Ukraine (MNN) — Ukraine is doing what it can to be ready for the war it is sure will come.
Russian troops and equipment movements over the border, along with rhetoric from Russian President Vladimir Putin, seem to back up the accusations that Russia is openly violating the truce.
Wayne Shepherd serves on the board with Mission Eurasia (formerly Russian Ministries) and recently returned from a visit to Slavyansk, Ukraine. “The separatists, and the terrorists, if you will, are being funded, apparently, by Russia. They deny it, but it sure is clear that’s where it’s coming from; some are even mercenaries who are hired to come in.”
Ukraine’s president is trying to deter the separatists, ordering all state services in rebel-held areas cut off, including funding for hospitals and schools. The central bank is moving to cut the separatists off from Ukraine’s banking and credit-card system. Plus, the country’s new parliament is considering revoking a law granting self-rule to the Donetsk and Luhansk regions. These are measures that may help, but the reality is: Ukraine is out-muscled in a match with Russia. “The Ukrainian Army has some resources, but not very much. The government, again, doesn’t have much to spend on this war. It’s my understanding that a lot of the private citizens are helping to take care of the army,” says Shepherd.
Putin has been throwing around phrases like “ethnic cleansing” and “neo-Nazism” when describing Ukraine. This rhetoric is designed to divide, and it’s working. Shepherd says, “In the case of Orthodoxy in Russia, the Moscow Orthodoxy is totally behind President Putin in this regard. Even those who are coming in to fight from Russia are referring to themselves as the ‘Orthodox Army,’ persecuting evangelicals.”

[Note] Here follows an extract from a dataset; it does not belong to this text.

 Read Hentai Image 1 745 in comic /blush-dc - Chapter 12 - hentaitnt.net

Food shortages in Luhansk and Donestk are rampant, future food security is in question, infrastructure is partly destroyed, and roughly half of the region’s residents are in need of medicine.

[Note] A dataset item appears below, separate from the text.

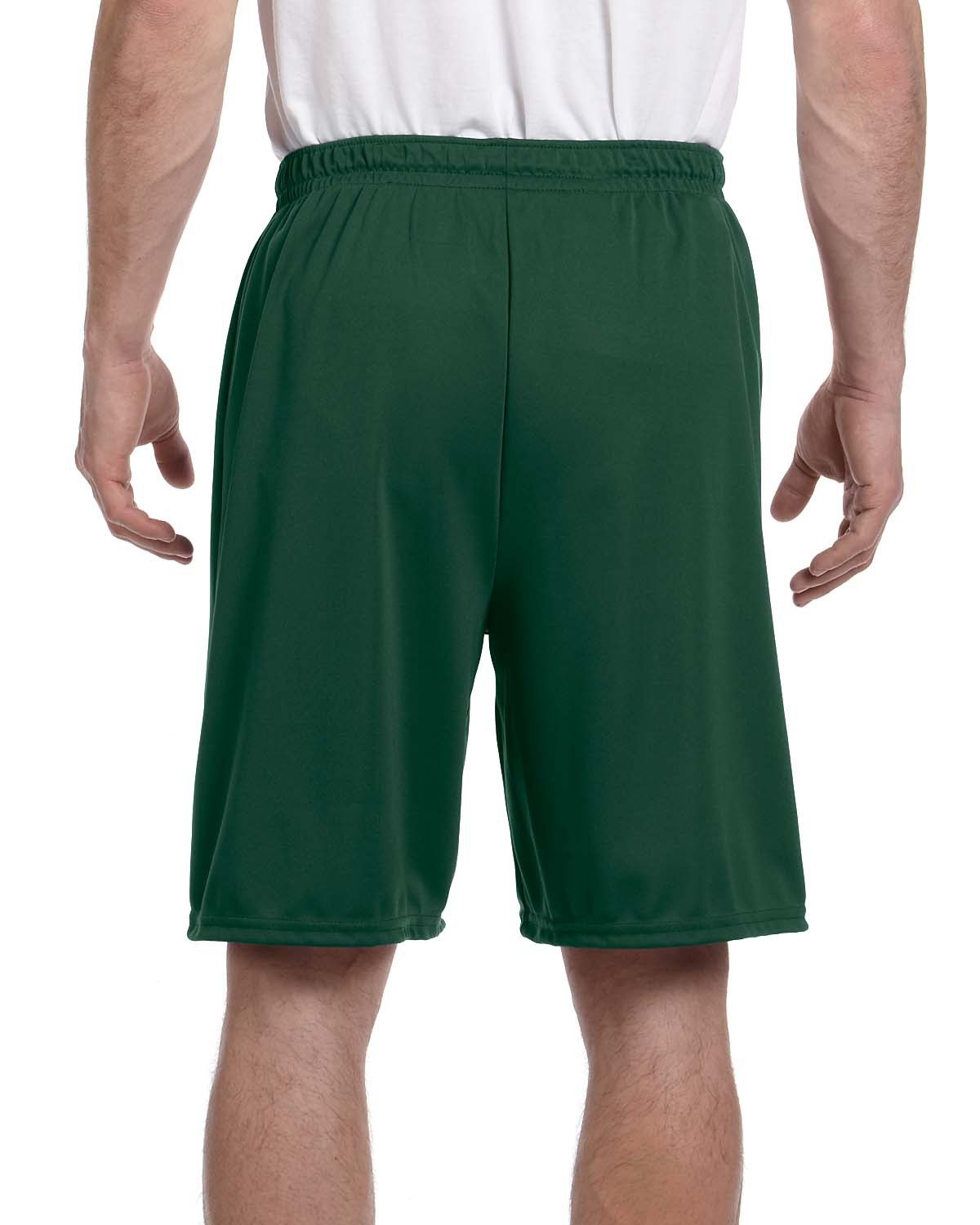 1420-Augusta Sportswear-DARK GREEN-Augusta Sportswear-Shorts-2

“Mission Eurasia and a few other organizations are able to get things in there. But the government isn’t able to help at all. They’re broke, so whatever we can do to help is greatly appreciated.”
What Shepherd saw during his visit humbled him. “Just like the Macedonian church that Paul talked about in Corinthians, I saw the church in Ukraine giving generously out of its poverty. That was a great challenge to me, and actually kind of puts the North American Church to shame in many ways, how they respond with everything they have to meet this crisis.”
Shepherd is back in the United States now, telling their stories, sharing their concerns and their prayer needs in order to keep the story in front of a compassion-fatigued populace. Some of the church leaders in Ukraine use social media to tell their own stories, which can also be shared. “One pastor who is a refugee himself (and has a reward on his head, as a matter of fact from the separatists) has been living apart from his family for seven months; he’s posting just about every day what’s happening to care for the refugees and supplies that are being provided from the West.”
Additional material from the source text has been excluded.